Building Deep Learning Pipelines with Tensorflow Extended | by Piero Esposito


You will see how easy it is to build Deep Learning pipelines like the big guys do

Source. Acessed in (2022–06–27) Licensed under Apache 2.0

In this tutorial, I aim to:

  • Explain the function of Machine Learning pipelines for production
  • Show how to get started with Tensorflow Extended locally
  • Show how to move a Tensorflow Extended pipeline from local environment to Vertex AI
  • Give you some code samples to adapt and get started with TFx.

You can check the code for this tutorial here.

Once you finish your model experimentation it is time to roll things to production. Rolling Machine Learning to production is not just a question of wrapping the model binaries with a REST API and starting to serve it, but and making it possible to re-create (or update) and re-deploy your model.

That means the steps from preprocessing data to training the model to roll it to production (we call this a Machine Learning Pipeline) should be deployed and able to be run as easily as possible while making it possible to track it and parameterize it (to use different data, for example).

In this post, we will see how to build a Machine Learning Pipeline for a Deep Learning model using Tensorflow Extended (TFx), how to run and deploy it to Google Vertex AI and why should we use it.

We will start with an overview of TFx and its components, implement and minimal-working pipeline and then show how to run it on a Jupyter Lab (on Google Colab) and on Vertex AI Pipelines. The code used here is adapted from “Building Machine Learning Pipelines” by Hannes Hapke.

TFx is the production framework for TensorFlow. Rather than only letting the user serve a model in a highly performant way, TFx wraps all the parts of the Tensorflow ecosystem (from Keras to Data Validation to Serving) to let the user build and run scalable and performant Machine Learning pipelines.

It is organized as a sequence of components that require you writing less code but are also flexible.

Source. Acessed in (2022–06–27) Licensed under Apache 2.0

The pipelines are compiled into a series of blueprints that are adaptable to different infrastructure. You can run them locally or on Vertex AI. You can run some expensive data processing steps on Apache Beam or even on Google Dataflow. TFx won’t vendor-lock you and will adapt to your resources and infrastructure.

Source. Acessed in (2022–06–27) Licensed under Apache 2.0

On this post, we will use the following components for our pipeline:

ExampleGen

The entry point of a TFx pipeline is the ExampleGen component. Given a local (or Cloud Storage-like) path, it gathers files on .tfrecords format according to the input specifications.

We will use a smaller dataset, and thus a .csv file would be a better suit. We will use a CsvExampleGen file pointing to a local csv file. When we move to Vertex AI, this file will be uploaded to a Google Cloud Storage bucket.

Generated by me

Transform

The Transform component is not always needed, but it is useful when expensive preprocessing needs to be done. To do that, we create a pure Tensorflow function called preprocessing_fn on a module file. TFx will apply this transformation to all datapoints fed by the ExampleGen component.

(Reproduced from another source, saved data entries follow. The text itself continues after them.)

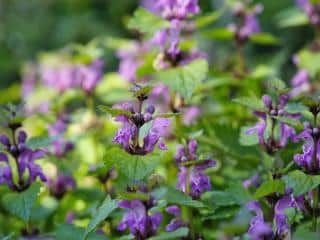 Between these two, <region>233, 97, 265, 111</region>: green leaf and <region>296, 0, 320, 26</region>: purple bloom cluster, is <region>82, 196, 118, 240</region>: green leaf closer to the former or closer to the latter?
<region>233, 97, 265, 111</region>: green leaf

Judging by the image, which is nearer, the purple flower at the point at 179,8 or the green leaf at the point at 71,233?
the green leaf at the point at 71,233

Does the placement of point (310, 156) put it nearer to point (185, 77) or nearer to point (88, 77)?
point (185, 77)

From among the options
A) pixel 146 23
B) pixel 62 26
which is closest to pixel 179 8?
pixel 146 23

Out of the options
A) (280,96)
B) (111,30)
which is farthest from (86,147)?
(111,30)

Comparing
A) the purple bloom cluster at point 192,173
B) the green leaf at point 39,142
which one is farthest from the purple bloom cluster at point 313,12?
the green leaf at point 39,142

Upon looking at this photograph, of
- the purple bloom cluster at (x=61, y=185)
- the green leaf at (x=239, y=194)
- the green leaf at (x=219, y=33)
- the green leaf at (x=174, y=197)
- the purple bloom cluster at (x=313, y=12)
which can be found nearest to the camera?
the green leaf at (x=174, y=197)

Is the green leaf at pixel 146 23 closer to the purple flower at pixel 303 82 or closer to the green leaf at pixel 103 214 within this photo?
the green leaf at pixel 103 214

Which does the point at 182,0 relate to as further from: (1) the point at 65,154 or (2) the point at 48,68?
(2) the point at 48,68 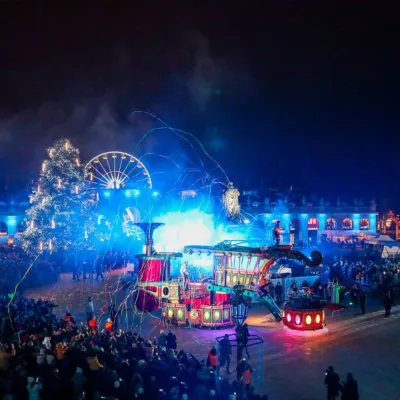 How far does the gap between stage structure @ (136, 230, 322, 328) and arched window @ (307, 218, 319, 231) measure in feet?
150

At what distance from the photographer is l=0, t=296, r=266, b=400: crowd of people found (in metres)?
9.74

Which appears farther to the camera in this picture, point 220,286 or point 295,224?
point 295,224

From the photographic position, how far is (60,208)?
112 ft

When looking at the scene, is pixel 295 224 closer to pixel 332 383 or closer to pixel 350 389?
pixel 332 383

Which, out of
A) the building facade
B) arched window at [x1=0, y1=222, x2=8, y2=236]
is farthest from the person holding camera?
arched window at [x1=0, y1=222, x2=8, y2=236]

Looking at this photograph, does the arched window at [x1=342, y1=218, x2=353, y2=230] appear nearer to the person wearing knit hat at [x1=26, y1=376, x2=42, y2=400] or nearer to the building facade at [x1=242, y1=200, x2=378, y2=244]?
the building facade at [x1=242, y1=200, x2=378, y2=244]

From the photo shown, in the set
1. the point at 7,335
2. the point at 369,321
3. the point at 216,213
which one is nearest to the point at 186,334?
the point at 7,335

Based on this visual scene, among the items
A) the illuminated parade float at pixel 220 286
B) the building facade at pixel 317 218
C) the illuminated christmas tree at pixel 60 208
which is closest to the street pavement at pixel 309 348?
the illuminated parade float at pixel 220 286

This function needs to be pure (meaning no side effects) and use only Tensorflow operations, because (i) this preprocessing step can be serialized to a TF Graph and baked to the final model, and (ii) this step can be run on Apache Beam, which means it will be massively parallelized (good for very large datasets).

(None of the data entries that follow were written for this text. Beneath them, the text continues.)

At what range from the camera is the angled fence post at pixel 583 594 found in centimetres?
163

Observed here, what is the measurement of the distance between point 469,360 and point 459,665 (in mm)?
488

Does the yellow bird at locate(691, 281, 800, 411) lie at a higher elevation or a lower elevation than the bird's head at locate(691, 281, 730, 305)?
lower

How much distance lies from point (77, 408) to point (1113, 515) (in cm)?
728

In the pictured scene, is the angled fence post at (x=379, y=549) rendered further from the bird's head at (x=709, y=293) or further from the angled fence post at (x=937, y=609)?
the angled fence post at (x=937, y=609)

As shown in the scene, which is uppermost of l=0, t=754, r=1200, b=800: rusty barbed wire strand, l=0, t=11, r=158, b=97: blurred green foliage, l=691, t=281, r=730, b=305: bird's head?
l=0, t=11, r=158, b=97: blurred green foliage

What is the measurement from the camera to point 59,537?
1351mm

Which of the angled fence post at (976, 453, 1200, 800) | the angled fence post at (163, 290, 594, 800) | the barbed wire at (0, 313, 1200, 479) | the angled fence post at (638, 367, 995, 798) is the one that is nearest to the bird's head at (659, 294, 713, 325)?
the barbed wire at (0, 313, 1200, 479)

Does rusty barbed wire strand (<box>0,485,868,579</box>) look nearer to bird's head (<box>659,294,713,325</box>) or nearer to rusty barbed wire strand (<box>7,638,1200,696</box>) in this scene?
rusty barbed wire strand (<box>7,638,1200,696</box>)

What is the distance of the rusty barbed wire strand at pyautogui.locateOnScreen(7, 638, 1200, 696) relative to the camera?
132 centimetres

preprocessing_fn receives a tf.Example object (think of it as a fancy dictionary) and should return a dictionary , that will be serialized into a tf.Example to be fed into the model. On this step, as long as you use only TF functions, you can do whatver you feel like.

We will see an example of preprocessing_fn as well as its args when building the pipeline.

We point to this module file to build the component.

Generated by me

Trainer

Here is where the model.fit step happens. Same as on the Transform step, we point toa module file with a run_fn on it. The run_fn function receives a series of fn_args that will be explored when building the pipeline.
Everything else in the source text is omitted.